There are complications, of course. If you put the word 'we've'
in single quotes and double click, you tend to get just the word,
not the quotes. And of course this is because the software is
using some fancier heuristics, treating an embedded apostrophe,
with alphabetics on both sides, differently. But then you get
aberrations with possessives, as can be seen when comparing
"my parents' house" and "my sister's house". *BUT*, and this
is the key point, if the apostrophe character were encoded using
a different code point than the single quote character, the
software wouldn't have to resort to those ambiguous heuristics.

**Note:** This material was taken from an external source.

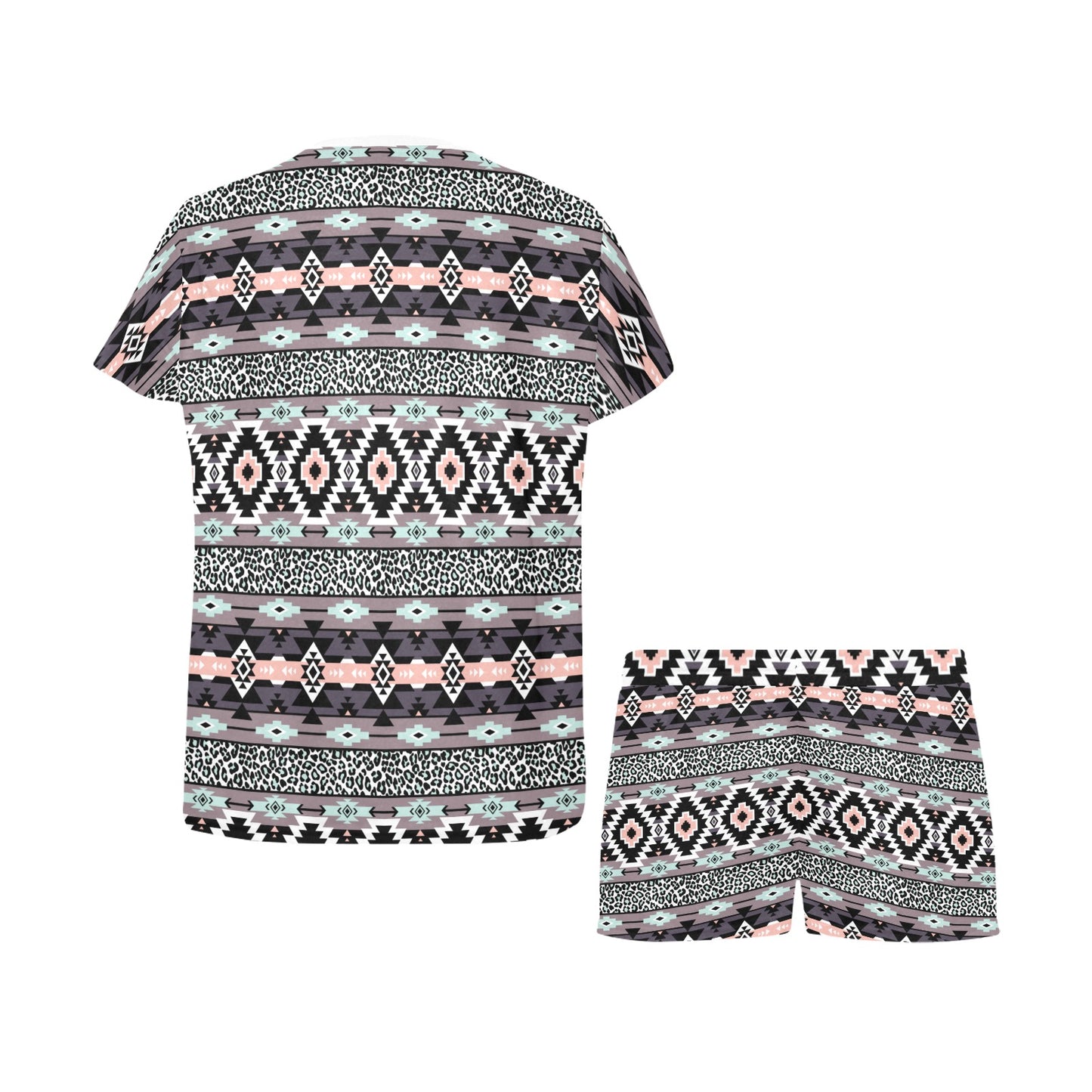 Safari Pattern Print Design LKS302 Women's Short Pajama Set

In English, I think the only sense in which the apostrophe is not
a "letter" is that we don't list it along with the other 26 when
we say our ABC's, and we don't treat it as significant in
alphabetization. But, really, surprising as it seems, I think
it's much more like a letter than punctuation; and furthermore,
this is as true in English as in other languages which explicitly
call their apostrophe a "modifier letter". I don't think there's
much useful distinction to be made -- syntactic, semantic, or
otherwise -- between the contractive apostrophe in the English
"we've" and, say, the apostrophe-as-glottal-stop in languages
that use it that way. (And, certainly, any such distinction is
considerably *less* significant than the distinction between
apostrophe and closing single quote!)
Continuing:
>> (Me, I'd really like to distinguish apostrophes from quotes in
>> textual data, as they're obviously quite different semantically.)
>
> Many people have expressed the same view. It would meant that a new
> character would have been defined, for unambiguous use as punctuation
> apostrophe.
Well, yes, but only if you think that the "punctuation
apostrophe" is punctuation! Back when the first Unicode
Standard came out, I really did think that not one but several
"new characters had been defined", and that they had been defined
precisely so that I could start making useful distinctions,
e.g. between U+02BC for the true apostrophe and U+2018 and U+2019
for the quotes. It seemed odd that U+02BC was a "modifier
letter" and not the punctuation I still thought it was, but I was
prepared to overlook this, because the distinct code point was
distinct, and the glyph appearance was correct, and everything
would have worked out fine. (But then Unicode 3.0 went and took
away the useful, liberating new distinction I thought I'd been
granted, and I was crushed.)
> I don't think traditional or modern typography ever distinguises
> between a punctuation apostrophe and a right single quotation
> mark...
Certainly not, which is why we now have the curious situation
that a character whose name is "Right Single Quotation Mark"
can carry a recommendation saying that it is also "the preferred
character for apostrophe".
(Although with that said, I'm noticing that the visual appearance
of U+02BC and U+2019 under several of the systems I use does tend
to be different, although I suspect that this is due much more to
accidents of implementation than to deliberate design.)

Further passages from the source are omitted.